*** Extracted records Section Begins ***

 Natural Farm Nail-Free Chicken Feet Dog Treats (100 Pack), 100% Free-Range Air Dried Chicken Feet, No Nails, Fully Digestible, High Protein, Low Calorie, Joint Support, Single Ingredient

*** Extracted records Section Ends ***
*** Extracted records Section Begins ***

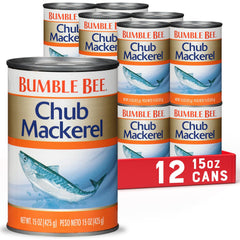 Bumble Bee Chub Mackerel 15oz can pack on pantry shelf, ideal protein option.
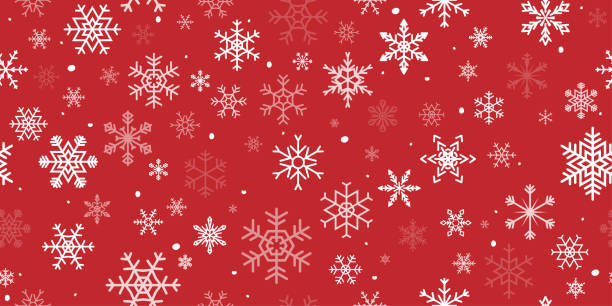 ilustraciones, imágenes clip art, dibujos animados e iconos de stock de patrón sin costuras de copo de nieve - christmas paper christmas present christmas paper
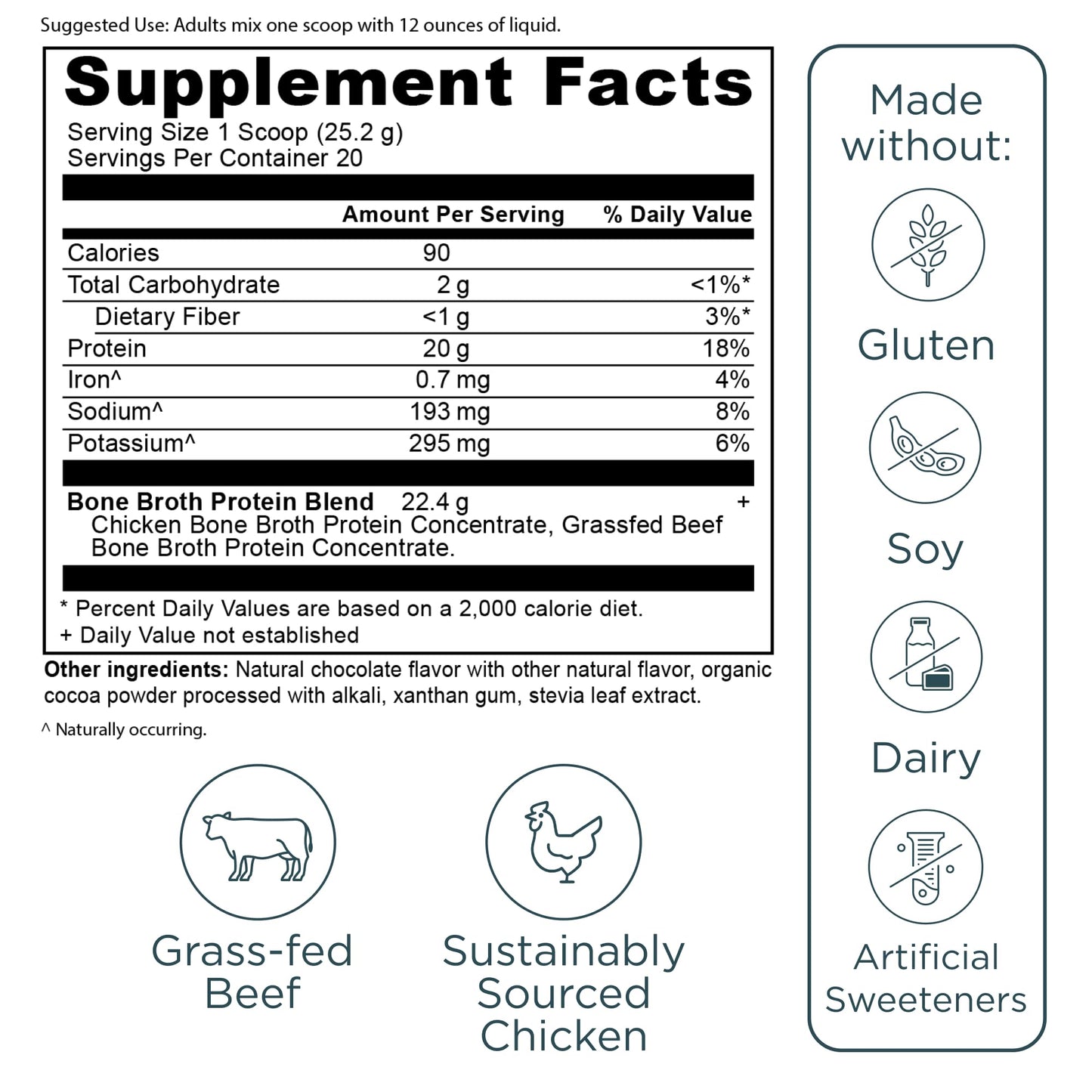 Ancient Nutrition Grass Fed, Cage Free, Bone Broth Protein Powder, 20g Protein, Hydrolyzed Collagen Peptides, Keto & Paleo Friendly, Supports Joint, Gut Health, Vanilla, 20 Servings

*** Extracted records Section Ends ***

◆ **What you will do**
Go back to the lines above and output, exactly as they stand, the ones from the line containing "ilustraciones, imágenes clip" to the line containing "Ancient Nutrition Grass". Leave all pictures behind.

◆ **Exercise solution**
 ilustraciones, imágenes clip art, dibujos animados e iconos de stock de patrón sin costuras de copo de nieve - christmas paper christmas present christmas paper
 Ancient Nutrition Grass Fed, Cage Free, Bone Broth Protein Powder, 20g Protein, Hydrolyzed Collagen Peptides, Keto & Paleo Friendly, Supports Joint, Gut Health, Vanilla, 20 Servings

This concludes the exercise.